When Rickshaw Stop announced that Different Fur Studios were going to be hosting a show with not only PWR BTTM and Dude York, but also Try The Pie, I knew this would be one of those events that I couldn’t and would never stop talking about. So I decided to talk to the people making it a reality. First off: Try The Pie.
The Bay Bridged: This project tends to be a lot more of a solo effort, which is always a braver approach to music. What was the motivation to start Try The Pie and make it a reality?
Bean Tupou: Try the Pie was a place to put all the songs I wrote and wouldn’t use for other bands. I started this as a teenager and since it existed before any projects I’ve been in, the motivation was simply to start a structured thing and have a format for writing songs. I didn’t really imagine that it would evolve with me and eventually become a more serious musical effort.
It has become my primary source of writing recently, beyond poetry, prose or even instrumental music. The words and music go hand-in-hand with Try the Pie and it is something I like to express my truth through — I think that’s the main motivation.
TBB: Your music always had a lot to do with identity and the feelings we all tend to lock away. The music video for “Root To Branch” deals with these and cultural identity. How does culture fit into your music and what you want to do with it?
BT: I recently listened to this talk James Baldwin gave to teenagers at Castlemont High School in Oakland on June 23rd, 1963. In the speech he is asked by a student if Black folks in America should “learn African history and culture to gain pride, dignity and strength so that when [they] are confronted by white people [they] can say, at the very least, that [they] have a culture that is equal to that of white peoples”.
James Baldwin responded by saying, “Find out all, you can, but don’t find it out with the intention of proving a point. Understand this: there is no reason for you prove yourself to anybody but yourself. When the world talks about culture, understand this: it is not talking about culture, it is talking about power.”

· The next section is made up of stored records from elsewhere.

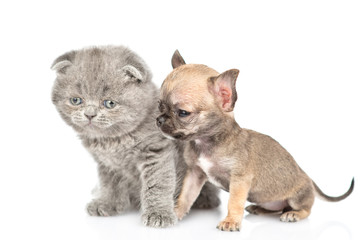 Baby kitten and chihuahua puppy looking away together in side view. Isolated on white background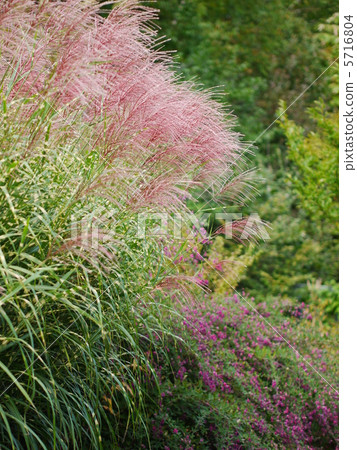 Susuki（Takanoha Suzuki） 5716804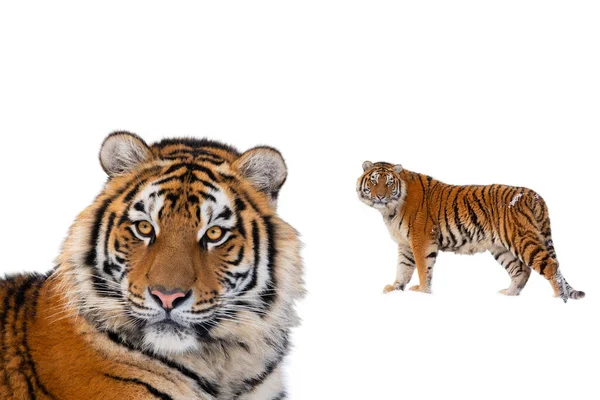 Tiger Portrait Isolated White Background — Zdjęcie stockowe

Listening to his words gave me a broader perspective on what culture means to me. Culture is a kind of weapon, as my friends in the band Downtown Boys would say, you can use it to protect you. I also believe it is a torch to gain visibility, it is there to remind us of who were are in times we feel we have lost fortitude. It is a vehicle for sharing and maintaining a narrative that may not get told otherwise.